Kent Jones tem lá sua razão ao dizer que
filmes como Clube dos Cafajestes e Clube dos
Pilantras (Caddyshack), por mais adoráveis
que sejam, acabam levando a comédia americana
a permitir o surgimento de um mundo entregue aos caprichos
de smart-asses. Em Trocando as Bolas,
que pode ser visto como o filme mais emblemático
dentro dessa lógica, a fabricação
de uma posição social enreda um esquema
bem sucedido de enriquecimento instantâneo. Basta
uma jogada, uma tacada correta para fisgar o queijo
e escapar da ratoeira. Fomenta-se todo um universo de
personagens que planejam, farsantes incorrigíveis
(Frank Oz, que via de regra faz participações
nos filmes de Landis, dirigiu seu melhor filme justamente
focando uma dupla de golpistas, em Os Safados).
O próprio Clube dos Cafajestes é
o triunfo de uma escória com uma tecnologia muito
particular de pensamento. O que faz a diferença,
mais uma vez, é John Belushi cuspindo pavê
na cara do inimigo, e iniciando uma guerra de comida
que se alastra por todo o refeitório. De forma
parecida, no final de Trocando as Bolas o que
importa para os personagens de Aykroyd e Murphy, uma
vez ganhada a batalha na bolsa de valores, é
aproveitar o paraíso tropical em que se encontram.
Sombra e água-fresca – o filme, de 1983, tem
um quê de manifesto contra a euforia workaholic
dos yuppies. Declarada a guerra, vale tudo: toda
moral é relativizada, ninguém é
bonzinho no final das contas (bancárias?). Se
Landis jamais poupou seus vilões de finais ridículos
e torturantes, existiria punição maior
para o capanga dos Dukes do que terminar como "esposa"

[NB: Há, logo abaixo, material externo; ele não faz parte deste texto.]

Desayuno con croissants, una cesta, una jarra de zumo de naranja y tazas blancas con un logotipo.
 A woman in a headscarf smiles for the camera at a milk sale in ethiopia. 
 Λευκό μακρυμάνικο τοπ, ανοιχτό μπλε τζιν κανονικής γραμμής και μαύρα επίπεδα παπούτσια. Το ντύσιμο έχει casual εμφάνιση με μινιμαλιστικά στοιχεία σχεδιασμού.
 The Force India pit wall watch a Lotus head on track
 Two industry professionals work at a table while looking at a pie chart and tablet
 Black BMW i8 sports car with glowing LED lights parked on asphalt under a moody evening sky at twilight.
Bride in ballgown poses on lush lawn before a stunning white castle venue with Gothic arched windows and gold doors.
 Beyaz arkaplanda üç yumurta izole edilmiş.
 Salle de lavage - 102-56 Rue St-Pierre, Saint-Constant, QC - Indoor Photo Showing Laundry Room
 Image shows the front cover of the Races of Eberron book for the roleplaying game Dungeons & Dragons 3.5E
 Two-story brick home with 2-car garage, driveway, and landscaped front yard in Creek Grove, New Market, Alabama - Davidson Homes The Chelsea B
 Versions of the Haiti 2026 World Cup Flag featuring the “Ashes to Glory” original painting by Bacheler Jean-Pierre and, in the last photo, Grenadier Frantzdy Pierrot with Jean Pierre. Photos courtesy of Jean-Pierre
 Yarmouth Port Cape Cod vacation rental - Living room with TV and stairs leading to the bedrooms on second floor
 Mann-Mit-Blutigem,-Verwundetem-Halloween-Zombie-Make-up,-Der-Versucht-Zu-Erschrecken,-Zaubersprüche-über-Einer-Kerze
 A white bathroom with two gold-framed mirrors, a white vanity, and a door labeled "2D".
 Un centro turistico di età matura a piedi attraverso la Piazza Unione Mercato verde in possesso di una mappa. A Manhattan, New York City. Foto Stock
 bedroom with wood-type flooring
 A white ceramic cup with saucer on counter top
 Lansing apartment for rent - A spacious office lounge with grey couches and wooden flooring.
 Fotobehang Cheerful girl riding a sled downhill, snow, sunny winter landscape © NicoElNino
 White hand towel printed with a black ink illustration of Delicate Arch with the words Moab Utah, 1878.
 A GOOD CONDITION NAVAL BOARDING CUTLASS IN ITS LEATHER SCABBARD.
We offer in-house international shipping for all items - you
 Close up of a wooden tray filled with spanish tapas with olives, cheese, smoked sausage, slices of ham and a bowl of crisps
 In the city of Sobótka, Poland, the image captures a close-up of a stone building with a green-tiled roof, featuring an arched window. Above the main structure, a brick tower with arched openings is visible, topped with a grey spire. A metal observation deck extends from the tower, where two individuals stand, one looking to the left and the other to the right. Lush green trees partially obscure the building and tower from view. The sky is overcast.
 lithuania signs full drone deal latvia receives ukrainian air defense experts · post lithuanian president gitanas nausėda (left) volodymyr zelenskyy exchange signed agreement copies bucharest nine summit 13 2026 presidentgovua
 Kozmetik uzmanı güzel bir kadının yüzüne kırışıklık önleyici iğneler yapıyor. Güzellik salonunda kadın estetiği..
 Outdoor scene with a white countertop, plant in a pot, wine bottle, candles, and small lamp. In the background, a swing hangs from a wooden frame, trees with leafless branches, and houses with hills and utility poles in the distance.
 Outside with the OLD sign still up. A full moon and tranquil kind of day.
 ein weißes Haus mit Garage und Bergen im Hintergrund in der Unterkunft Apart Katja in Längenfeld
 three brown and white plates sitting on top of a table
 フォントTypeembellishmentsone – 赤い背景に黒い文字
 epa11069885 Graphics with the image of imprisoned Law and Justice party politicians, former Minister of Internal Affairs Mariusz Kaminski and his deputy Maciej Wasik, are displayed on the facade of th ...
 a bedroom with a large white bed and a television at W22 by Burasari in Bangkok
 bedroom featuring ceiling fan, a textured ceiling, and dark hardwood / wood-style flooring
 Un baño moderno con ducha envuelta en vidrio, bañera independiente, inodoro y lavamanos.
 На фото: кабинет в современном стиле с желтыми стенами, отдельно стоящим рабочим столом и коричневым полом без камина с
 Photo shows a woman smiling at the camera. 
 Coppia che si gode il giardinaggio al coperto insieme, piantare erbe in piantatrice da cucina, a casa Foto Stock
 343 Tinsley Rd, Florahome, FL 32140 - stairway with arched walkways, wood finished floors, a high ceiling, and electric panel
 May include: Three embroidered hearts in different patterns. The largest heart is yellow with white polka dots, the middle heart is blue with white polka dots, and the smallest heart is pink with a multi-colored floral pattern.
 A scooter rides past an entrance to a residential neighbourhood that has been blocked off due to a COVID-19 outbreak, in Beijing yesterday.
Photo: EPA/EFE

de um gorila? Existiria forma mais clara do filme ratificar
sua falta de paciência com a imbecilidade que
o rodeia?
Trata-se mesmo de uma declaração de guerra:
duas cenas de Clube dos Cafajestes dão
o preciso tom da comédia de Landis, as duas com
John Belushi. A primeira é quando ele vai para
o meio da sala e inicia seu discurso à la
chefe de nação, com a música de
Elmer Bernstein ensaiando uma melodia épica ao
fundo, e Belushi termina gritando aos quatro ventos
seu profundo conhecimento histórico: "O
que fizemos quando os alemães atacaram Pearl
Harbor?!" (no documentário Onde Eles
Estão Agora?, dirigido pelo próprio
Landis, dessa pergunta corta para a imagem da Casa Branca...).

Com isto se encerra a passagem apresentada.